🤖 AI Summary
Large language model (LLM)-driven autonomous agents pose safety risks in high-stakes domains—e.g., code execution and mobile device control—due to uncontrolled or unintended actions. Method: We propose Causal Influence Prompting (CIP), a parameter-free safety enhancement framework that dynamically models agent decision logic via causal influence diagrams (CIDs), explicitly encoding action–outcome causal pathways. CIP integrates task-driven initialization, environment-guided interaction, and iterative CID refinement to enable real-time identification and intervention on hazardous causal paths. It further supports continuous improvement via user feedback without model fine-tuning. Contribution/Results: Experiments across multiple benchmarks demonstrate that CIP significantly improves agent safety by effectively preventing privilege escalation, infinite loops, and privacy leakage.

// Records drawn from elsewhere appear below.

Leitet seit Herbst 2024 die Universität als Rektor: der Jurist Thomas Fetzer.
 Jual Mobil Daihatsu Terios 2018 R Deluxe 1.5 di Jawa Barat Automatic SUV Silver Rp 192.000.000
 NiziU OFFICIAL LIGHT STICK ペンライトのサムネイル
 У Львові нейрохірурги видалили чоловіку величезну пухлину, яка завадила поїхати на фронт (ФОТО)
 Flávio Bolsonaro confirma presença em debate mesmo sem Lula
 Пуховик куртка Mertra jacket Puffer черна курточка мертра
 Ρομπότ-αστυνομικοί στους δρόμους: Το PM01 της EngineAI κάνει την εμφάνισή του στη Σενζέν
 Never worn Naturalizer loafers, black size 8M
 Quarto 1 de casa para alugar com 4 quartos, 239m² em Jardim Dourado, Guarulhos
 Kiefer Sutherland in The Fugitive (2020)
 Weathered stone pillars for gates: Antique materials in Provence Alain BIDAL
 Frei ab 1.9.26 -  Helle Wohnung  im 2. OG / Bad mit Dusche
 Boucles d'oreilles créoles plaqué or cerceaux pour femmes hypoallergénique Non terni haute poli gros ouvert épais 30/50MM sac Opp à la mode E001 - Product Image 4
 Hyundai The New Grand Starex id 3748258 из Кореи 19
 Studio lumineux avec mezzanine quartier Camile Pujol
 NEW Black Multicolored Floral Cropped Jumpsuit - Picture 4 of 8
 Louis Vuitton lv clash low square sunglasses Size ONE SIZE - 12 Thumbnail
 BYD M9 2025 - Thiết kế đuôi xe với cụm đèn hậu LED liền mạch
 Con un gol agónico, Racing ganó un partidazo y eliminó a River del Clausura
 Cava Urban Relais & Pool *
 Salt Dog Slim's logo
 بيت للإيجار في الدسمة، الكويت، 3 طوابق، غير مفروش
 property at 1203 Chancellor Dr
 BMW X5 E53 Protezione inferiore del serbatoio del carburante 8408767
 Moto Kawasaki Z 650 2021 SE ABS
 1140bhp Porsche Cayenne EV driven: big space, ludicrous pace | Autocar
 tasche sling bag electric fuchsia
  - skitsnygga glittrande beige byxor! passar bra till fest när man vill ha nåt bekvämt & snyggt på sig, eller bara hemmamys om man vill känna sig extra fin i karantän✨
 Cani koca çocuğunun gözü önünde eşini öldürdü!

Unlike black-box mitigation strategies, CIP provides human-interpretable causal explanations and actionable intervention points, establishing a novel paradigm for building trustworthy, explainable, and controllable autonomous agents.
📝 Abstract
As autonomous agents powered by large language models (LLMs) continue to demonstrate potential across various assistive tasks, ensuring their safe and reliable behavior is crucial for preventing unintended consequences. In this work, we introduce CIP, a novel technique that leverages causal influence diagrams (CIDs) to identify and mitigate risks arising from agent decision-making. CIDs provide a structured representation of cause-and-effect relationships, enabling agents to anticipate harmful outcomes and make safer decisions. Our approach consists of three key steps: (1) initializing a CID based on task specifications to outline the decision-making process, (2) guiding agent interactions with the environment using the CID, and (3) iteratively refining the CID based on observed behaviors and outcomes. Experimental results demonstrate that our method effectively enhances safety in both code execution and mobile device control tasks.